Massachusetts lawmakers are trying to foil a local sheriff’s plan to put inmates to work on Trump’s border wall between the United States and Mexico.
On Wednesday, House Democrats voted to prevent the use of inmate labor outside state borders — a move the Republican minority deemed unnecessary because they say state laws already prohibit it.
Though Massachusetts jails have never sent prisoners to work on projects out of state, Bristol County Sheriff Thomas Hodgson stirred debate over his controversial proposal to send inmates in his jail to Texas to help build President Donald Trump’s proposed border wall.
Hodgson has said inmate labor would cut down the cost of the border wall, which has been estimated at as much as $25 billion, as well as teach prisoners skills and build character.
The wall is just one of any number of projects he envisions under the umbrella of his pet project, Project NICE — National Inmates’ Community Endeavors — in which he and other sheriffs across the U.S. would mobilize inmates to provide relief efforts at natural disaster sites or work on major infrastructure projects.
But Rep.
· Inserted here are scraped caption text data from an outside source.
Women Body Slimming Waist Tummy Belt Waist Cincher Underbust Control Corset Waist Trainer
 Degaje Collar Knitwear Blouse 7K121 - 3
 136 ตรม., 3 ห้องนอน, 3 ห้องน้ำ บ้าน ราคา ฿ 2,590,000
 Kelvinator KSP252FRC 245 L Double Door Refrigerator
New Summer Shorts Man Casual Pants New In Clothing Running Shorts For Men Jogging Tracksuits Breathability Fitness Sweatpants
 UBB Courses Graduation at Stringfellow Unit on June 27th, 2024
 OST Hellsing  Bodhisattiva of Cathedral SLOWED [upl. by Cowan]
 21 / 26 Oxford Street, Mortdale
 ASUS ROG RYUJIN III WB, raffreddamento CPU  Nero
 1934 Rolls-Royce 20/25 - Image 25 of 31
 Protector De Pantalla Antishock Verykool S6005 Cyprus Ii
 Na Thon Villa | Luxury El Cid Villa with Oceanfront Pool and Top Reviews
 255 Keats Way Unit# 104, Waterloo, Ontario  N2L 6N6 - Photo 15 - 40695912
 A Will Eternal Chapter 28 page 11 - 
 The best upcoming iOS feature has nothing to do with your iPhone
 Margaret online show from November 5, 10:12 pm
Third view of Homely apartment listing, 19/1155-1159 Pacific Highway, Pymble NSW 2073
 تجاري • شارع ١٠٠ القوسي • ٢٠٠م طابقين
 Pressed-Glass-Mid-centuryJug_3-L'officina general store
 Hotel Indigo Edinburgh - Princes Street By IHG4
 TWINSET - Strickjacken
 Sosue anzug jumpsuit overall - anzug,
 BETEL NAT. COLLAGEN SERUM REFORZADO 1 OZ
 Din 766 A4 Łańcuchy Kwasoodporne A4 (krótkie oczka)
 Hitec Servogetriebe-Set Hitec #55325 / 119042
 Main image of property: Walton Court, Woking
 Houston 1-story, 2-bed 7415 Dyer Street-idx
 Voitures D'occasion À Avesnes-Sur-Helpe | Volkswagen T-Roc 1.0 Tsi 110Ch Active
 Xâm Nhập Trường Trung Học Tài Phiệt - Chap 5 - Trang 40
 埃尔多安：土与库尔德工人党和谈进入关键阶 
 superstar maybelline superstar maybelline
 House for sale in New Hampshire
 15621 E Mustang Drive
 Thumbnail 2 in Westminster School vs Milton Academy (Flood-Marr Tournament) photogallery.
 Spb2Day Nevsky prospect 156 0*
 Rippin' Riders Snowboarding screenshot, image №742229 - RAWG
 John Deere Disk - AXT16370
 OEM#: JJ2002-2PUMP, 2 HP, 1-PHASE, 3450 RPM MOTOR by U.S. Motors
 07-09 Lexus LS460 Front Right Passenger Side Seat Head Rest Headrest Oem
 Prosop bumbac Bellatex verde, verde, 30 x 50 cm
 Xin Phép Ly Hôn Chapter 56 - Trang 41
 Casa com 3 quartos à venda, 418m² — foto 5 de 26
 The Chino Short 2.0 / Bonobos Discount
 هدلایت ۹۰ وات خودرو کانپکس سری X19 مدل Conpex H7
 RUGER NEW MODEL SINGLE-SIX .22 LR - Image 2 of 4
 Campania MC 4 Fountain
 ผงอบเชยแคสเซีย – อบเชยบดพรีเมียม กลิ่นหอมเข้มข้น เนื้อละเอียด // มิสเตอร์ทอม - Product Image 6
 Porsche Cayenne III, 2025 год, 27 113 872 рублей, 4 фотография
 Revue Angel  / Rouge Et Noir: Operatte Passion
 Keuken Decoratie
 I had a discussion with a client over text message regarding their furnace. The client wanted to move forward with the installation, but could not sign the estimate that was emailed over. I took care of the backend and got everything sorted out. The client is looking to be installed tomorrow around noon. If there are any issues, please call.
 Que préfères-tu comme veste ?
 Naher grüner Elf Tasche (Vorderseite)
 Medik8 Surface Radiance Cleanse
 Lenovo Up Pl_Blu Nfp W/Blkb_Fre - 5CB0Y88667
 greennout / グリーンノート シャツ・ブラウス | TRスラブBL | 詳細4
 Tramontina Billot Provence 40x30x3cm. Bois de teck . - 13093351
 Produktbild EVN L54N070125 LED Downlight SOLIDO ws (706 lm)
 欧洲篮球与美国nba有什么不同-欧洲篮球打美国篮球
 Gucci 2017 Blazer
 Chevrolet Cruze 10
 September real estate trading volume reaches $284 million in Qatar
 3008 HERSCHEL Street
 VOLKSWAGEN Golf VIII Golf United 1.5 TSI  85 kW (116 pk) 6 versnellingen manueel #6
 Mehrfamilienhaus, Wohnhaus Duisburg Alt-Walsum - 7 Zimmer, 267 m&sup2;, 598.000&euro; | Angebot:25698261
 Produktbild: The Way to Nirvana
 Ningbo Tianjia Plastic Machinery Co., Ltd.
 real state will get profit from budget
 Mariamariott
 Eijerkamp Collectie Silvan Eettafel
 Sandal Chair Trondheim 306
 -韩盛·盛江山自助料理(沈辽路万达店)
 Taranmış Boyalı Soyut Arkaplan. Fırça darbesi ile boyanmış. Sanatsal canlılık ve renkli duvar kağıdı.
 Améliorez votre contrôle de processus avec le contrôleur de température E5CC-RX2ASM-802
Antonio Cabral, D-New Bedford, said sending prisoners out of state would cost taxpayers money, deprive inmates of rehabilitative programming and open the state up to liability.
“It makes it very clear what can and cannot be done,” Cabral, the bill’s sponsor, told State House News Service. “This is really about state money being spent on state programs, and that’s really the message.”
In a statement to State House News Service, Hodgson said the vote showed “once again that personal political agendas are more important than keeping our citizens and legal residents safe.”
The bill still has to pass the Senate, which is also controlled by the Democrats, but some legislators argue both bills are unnecessary because state law already prohibits prisoners from being ferried out of state for work.
During a three-hour debate of the bill in House chambers Wednesday, Rep. David Vieira, R-Falmouth, read aloud a section of state law that allows work release programs “within the commonwealth” and another allowing inmates to provide services for “municipalities within the county,” saying those provisions would make it illegal for a sheriff to send inmates beyond state borders.
“This is much ado about nothing,” he said. “Our laws already protect it.”